Action Contre la Faim (ACF) travaille aussi dans le domaine de l'assainissement. Les responsables de cette ONG expliquent avoir installé depuis le séisme 900 latrines à Port au Prince, dont 680 latrines mobiles. Le budget mensuel de l'ACF pour l'entretien - vidange, fourniture en matériel d'utilisation, nettoyage - est de 138 600 dollars.
Un marché en pleine évolution
Avant le 12 janvier 2010, on connaissait très peu d'entreprises privées spécialisées dans l'installation et le nettoyage des toilettes mobiles et des fosses septiques. La Dinepa affirme avoir recensé sept compagnies opérant dans le secteur. Les plus connues d'entre elles demeurent cependant Jedco et Sanco.
L'épidémie de choléra qui fait rage dans le pays depuis octobre dernier montre aux autorités haïtiennes la nécessité de ne plus laisser le secteur à la bonne volonté des compagnies. Un protocole d'accord devant régir le travail des institutions privées, a informé Ingrid Henrys de la Dinepa, est en préparation. Un protocole de désinfection est cependant déjà en application.
Les responsables de Jedco et de Sanco, qui disent travailler dans le respect des normes (internationales), ne voient pas d'inconvénient que l'Etat haïtien régularise le secteur. Ne jouissant pas de bonne réputation auprès de la population depuis l'apparition du choléra, ces compagnies estiment qu'une telle initiative peut aider le public à mieux comprendre leur travail. On se souvient encore des accusations de contamination des eaux du fleuve de l'Artibonite portées dans les médias contre la compagnie Sanco. Ses responsables ont dû remuer ciel et terre pour se défendre. « Nous opérons toujours dans le respect de l'environnement », a avancé Marguerite Jean-Louis, première vice-présidente de la compagnie, comme pour se défendre encore des accusations.
Il n'y a pas que Port-au-Prince
Quand on parle de gestion des excrétas, on a tendance à faire référence uniquement à Port-au-Prince. Pourtant, contrairement aux villes de province, la capitale a la chance de disposer de la décharge de Truitier. « C'est dans les villes de province que la situation est la plus grave, où il n'y a aucune décharge publique », a reconnu Marc Handerson de l'Unicef.
Quand il est question de vider des fosses septiques ou des toilettes mobiles, les responsables des compagnies interrogées par le journal disent s'adresser à la mairie de la commune pour mettre un espace à leur disposition pour déverser les matières fécales. Puis, le reste dépend de la bonne volonté des responsables de la compagnie.
Il n'y a pas que l'espace pour déverser les excrétas qui pose problème dans les villes de province. L'accès aux toilettes dans les camps reste aussi un sujet préoccupant. « A Léogane et à Gressier, en moyenne, il y a un cabinet d'aisances pour 392 personnes, et 39 camps abritant les populations déplacées ne disposent pas de latrines fonctionnelles », a reconnu OCHA dans son dernier rapport. A Petit-Goâve et à Grand-Goâve, un reporter du journal a même recensé seulement six toilettes dans des camps regroupant 500 à 600 familles.
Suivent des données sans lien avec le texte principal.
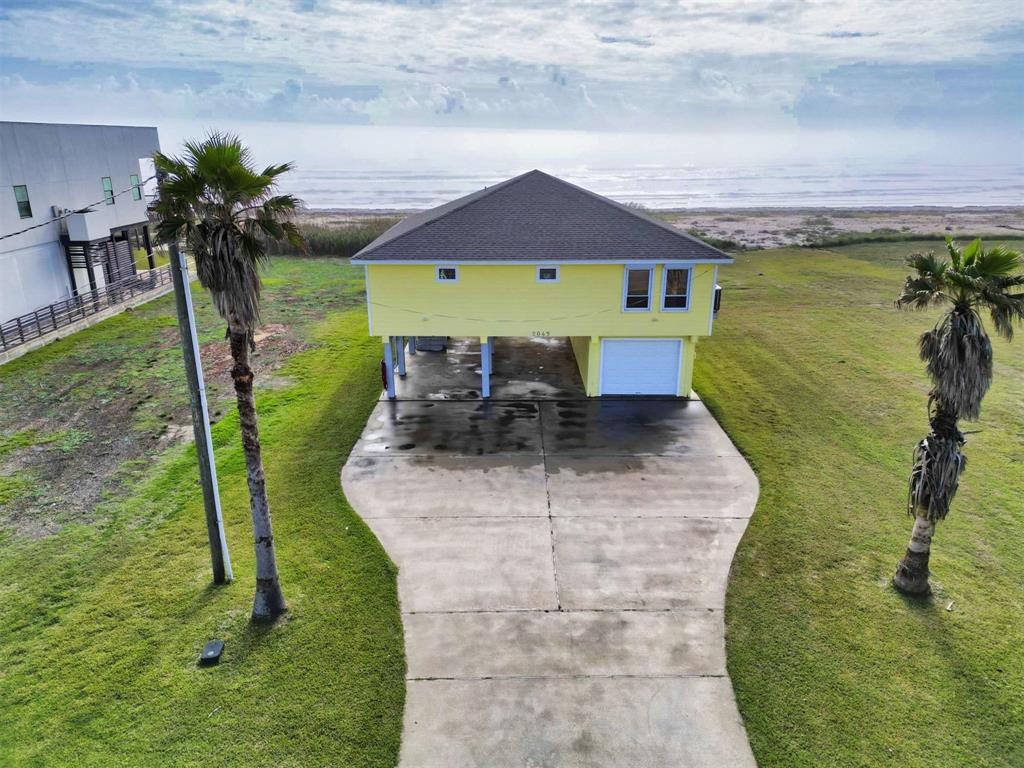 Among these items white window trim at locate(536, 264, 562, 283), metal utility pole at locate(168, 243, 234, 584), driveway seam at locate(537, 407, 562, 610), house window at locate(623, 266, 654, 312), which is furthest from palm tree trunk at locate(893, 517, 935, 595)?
metal utility pole at locate(168, 243, 234, 584)

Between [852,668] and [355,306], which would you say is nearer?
[852,668]

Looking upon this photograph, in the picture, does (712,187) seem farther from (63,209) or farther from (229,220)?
(229,220)

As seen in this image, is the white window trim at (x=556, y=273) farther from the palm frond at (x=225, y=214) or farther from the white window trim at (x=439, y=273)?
the palm frond at (x=225, y=214)

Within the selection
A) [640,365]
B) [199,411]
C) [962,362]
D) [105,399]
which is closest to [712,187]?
[640,365]

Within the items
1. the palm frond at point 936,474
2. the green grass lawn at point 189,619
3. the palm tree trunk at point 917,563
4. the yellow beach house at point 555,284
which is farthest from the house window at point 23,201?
the palm tree trunk at point 917,563

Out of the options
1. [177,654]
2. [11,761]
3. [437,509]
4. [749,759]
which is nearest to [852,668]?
[749,759]

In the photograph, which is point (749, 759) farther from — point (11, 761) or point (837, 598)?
point (11, 761) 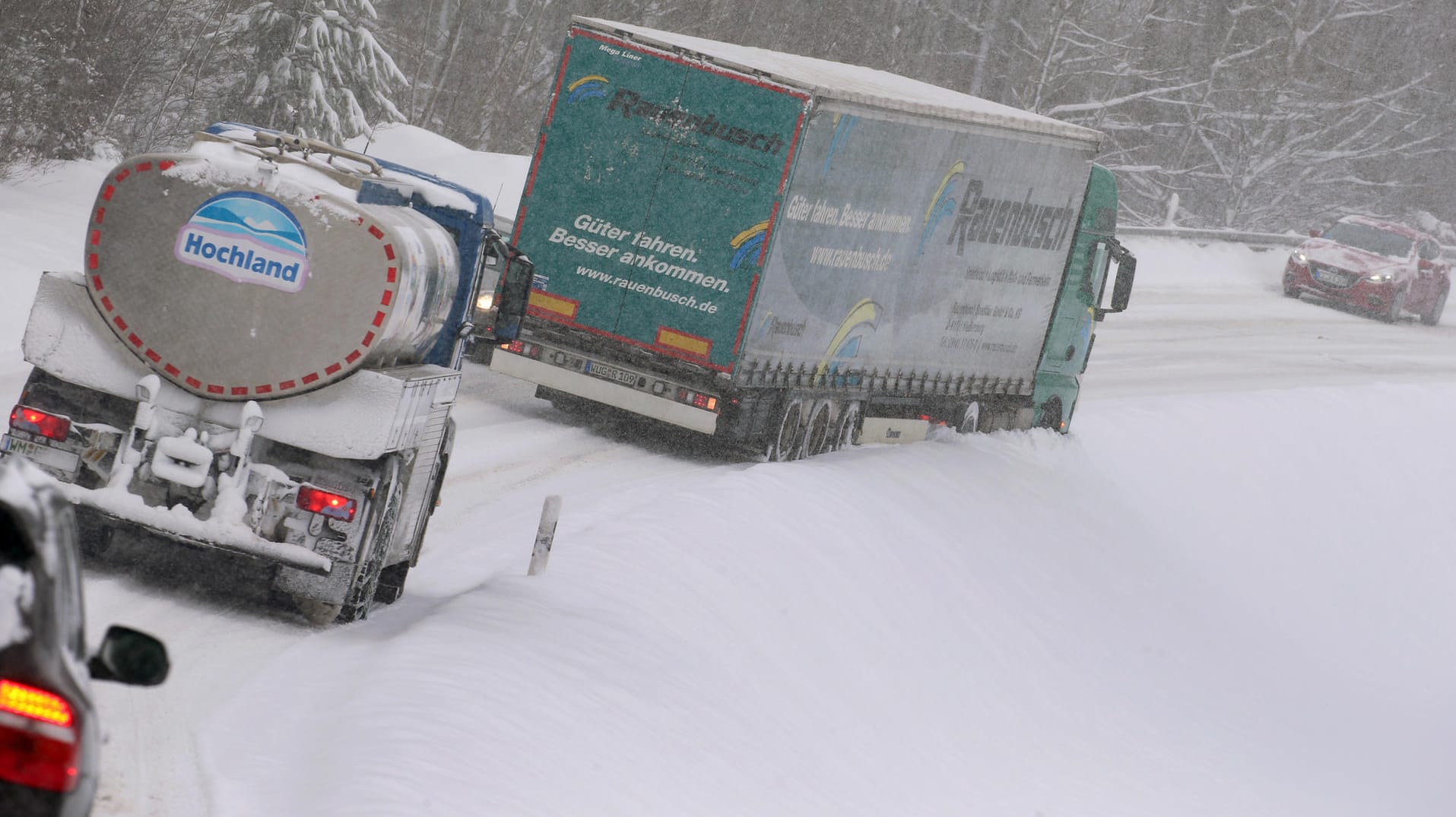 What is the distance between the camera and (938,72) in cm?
4441

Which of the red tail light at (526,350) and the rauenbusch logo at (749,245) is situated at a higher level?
the rauenbusch logo at (749,245)

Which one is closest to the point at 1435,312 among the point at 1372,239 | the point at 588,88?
the point at 1372,239

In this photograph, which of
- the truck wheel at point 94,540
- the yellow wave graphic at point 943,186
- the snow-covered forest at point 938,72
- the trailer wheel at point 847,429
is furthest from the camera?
the snow-covered forest at point 938,72

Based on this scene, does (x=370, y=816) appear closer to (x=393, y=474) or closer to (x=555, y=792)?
(x=555, y=792)

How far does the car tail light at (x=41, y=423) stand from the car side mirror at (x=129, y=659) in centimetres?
515

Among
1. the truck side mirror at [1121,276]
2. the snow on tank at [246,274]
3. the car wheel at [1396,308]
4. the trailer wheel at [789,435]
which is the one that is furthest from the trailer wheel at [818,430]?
the car wheel at [1396,308]

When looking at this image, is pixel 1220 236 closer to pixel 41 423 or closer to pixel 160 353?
pixel 160 353

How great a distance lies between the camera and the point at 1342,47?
50.7m

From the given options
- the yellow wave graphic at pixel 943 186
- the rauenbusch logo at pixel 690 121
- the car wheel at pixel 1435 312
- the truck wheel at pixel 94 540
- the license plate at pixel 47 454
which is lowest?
the truck wheel at pixel 94 540

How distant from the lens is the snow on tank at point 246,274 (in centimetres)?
805

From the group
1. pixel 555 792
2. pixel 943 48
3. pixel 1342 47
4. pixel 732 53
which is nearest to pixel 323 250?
pixel 555 792

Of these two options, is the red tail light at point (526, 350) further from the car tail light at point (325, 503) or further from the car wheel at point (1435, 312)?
the car wheel at point (1435, 312)

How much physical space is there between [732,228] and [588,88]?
5.93 feet

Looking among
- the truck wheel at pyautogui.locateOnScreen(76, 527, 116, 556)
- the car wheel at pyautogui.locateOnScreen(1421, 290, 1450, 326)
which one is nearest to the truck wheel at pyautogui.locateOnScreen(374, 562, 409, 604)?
the truck wheel at pyautogui.locateOnScreen(76, 527, 116, 556) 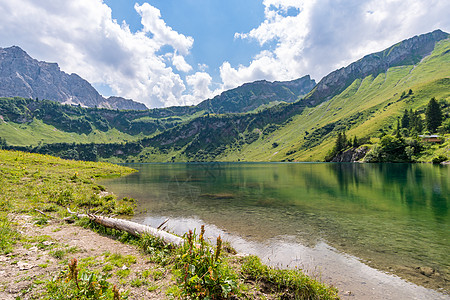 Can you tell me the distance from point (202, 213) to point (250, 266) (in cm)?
1720

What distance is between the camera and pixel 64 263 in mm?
10375

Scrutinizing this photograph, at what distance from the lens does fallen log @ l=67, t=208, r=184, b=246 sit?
40.5 ft

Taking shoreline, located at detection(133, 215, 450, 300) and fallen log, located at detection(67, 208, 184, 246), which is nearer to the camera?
shoreline, located at detection(133, 215, 450, 300)

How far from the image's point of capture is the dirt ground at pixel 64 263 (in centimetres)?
818

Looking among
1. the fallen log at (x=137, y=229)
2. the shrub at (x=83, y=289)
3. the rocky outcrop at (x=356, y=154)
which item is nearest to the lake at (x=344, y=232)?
the fallen log at (x=137, y=229)

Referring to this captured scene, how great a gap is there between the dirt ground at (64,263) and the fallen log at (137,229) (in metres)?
1.05

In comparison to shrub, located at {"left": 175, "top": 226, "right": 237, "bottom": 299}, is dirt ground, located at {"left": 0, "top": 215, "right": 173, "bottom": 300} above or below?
below

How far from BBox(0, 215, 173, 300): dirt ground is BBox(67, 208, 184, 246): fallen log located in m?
1.05

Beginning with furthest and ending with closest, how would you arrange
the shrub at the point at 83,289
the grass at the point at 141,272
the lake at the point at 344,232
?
1. the lake at the point at 344,232
2. the grass at the point at 141,272
3. the shrub at the point at 83,289

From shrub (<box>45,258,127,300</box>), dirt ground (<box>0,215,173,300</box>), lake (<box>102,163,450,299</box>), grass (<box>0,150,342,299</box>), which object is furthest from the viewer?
lake (<box>102,163,450,299</box>)

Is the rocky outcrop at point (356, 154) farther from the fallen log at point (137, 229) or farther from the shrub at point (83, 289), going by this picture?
the shrub at point (83, 289)

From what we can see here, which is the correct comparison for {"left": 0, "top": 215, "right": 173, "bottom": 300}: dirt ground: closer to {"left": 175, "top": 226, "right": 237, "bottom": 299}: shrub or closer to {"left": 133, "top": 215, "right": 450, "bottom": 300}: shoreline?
{"left": 175, "top": 226, "right": 237, "bottom": 299}: shrub

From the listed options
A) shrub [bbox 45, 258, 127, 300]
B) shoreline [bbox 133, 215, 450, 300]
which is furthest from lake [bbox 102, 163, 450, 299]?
shrub [bbox 45, 258, 127, 300]

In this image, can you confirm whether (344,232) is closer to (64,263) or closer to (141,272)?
(141,272) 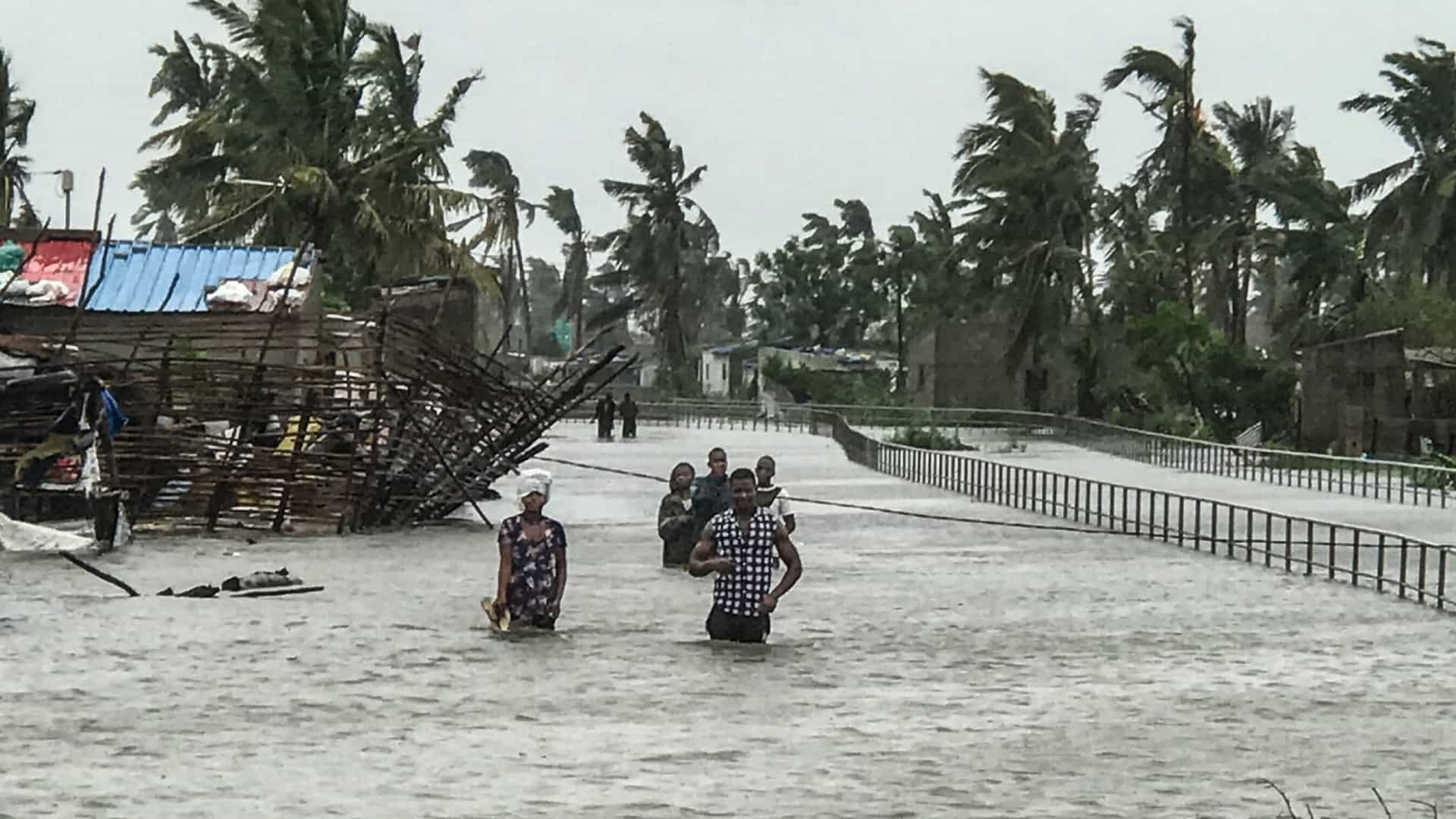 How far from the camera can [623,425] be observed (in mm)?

Cet article est publié avec le support de International Center for Journalists

Jean Pharès Jérôme
pjerome@lenouvelliste.com
Dieudonné Joachim
djoachim@lenouvelliste.com

http://www.lenouvelliste.com/article.php?PubID=1&ArticleID=89005&PubDate=2011-02-11

Commentaire
Une meilleure preuve de gaspillage, de dispersion de ressources et de moquerie contre tout un peuple? Des ressources qui pourraient mettre sur pied le processus de reconstruction!